◆ AIM OF THE EXERCISE
Go to the line holding "before and after weight loss photos" in the data below and repeat it exactly, then each line after it up to and including the one holding "Diagrama de un infarto de miocardio.". Omit pictures.

◆ DATA EXTRACT
..............................

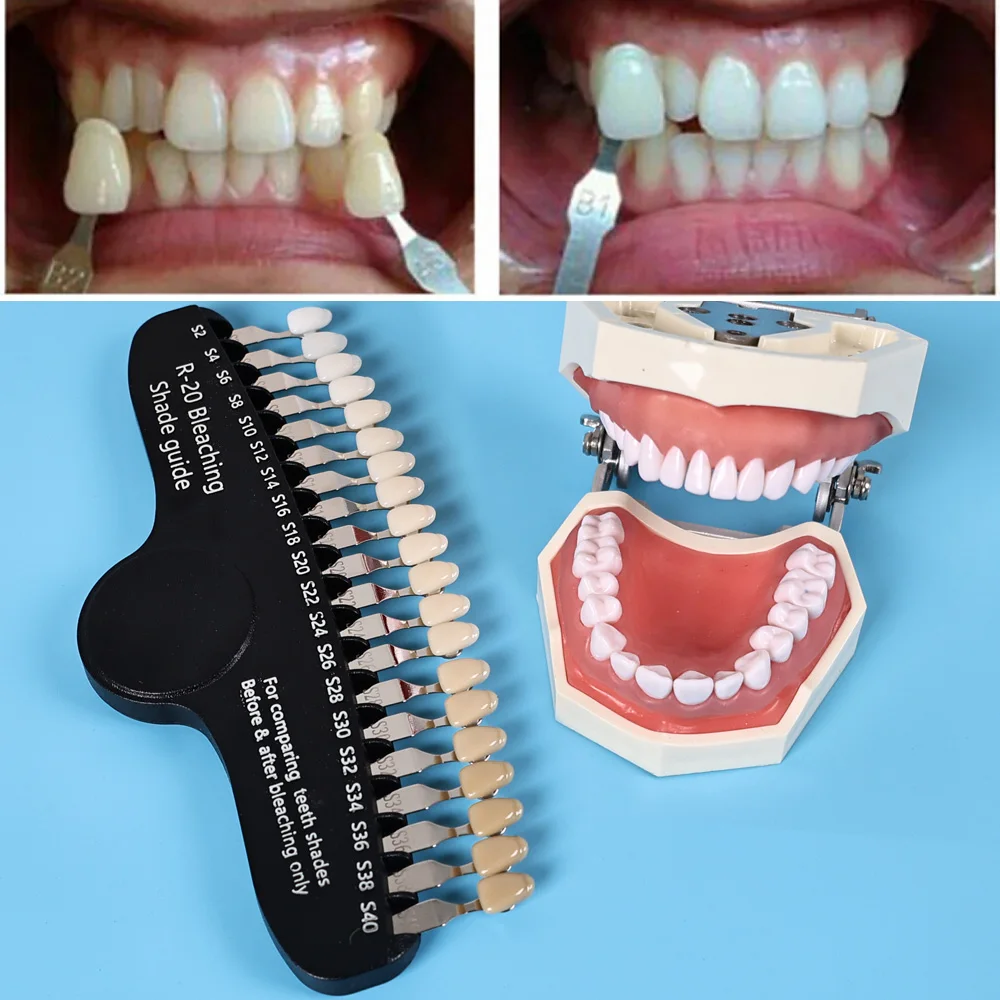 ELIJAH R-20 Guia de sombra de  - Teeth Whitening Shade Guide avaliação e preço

..............................

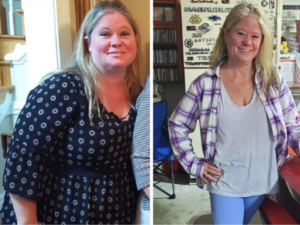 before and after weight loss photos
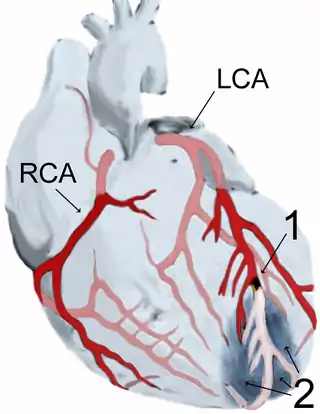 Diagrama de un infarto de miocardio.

..............................

◆ SOLUTION TO THIS EXERCISE
 before and after weight loss photos
 Diagrama de un infarto de miocardio.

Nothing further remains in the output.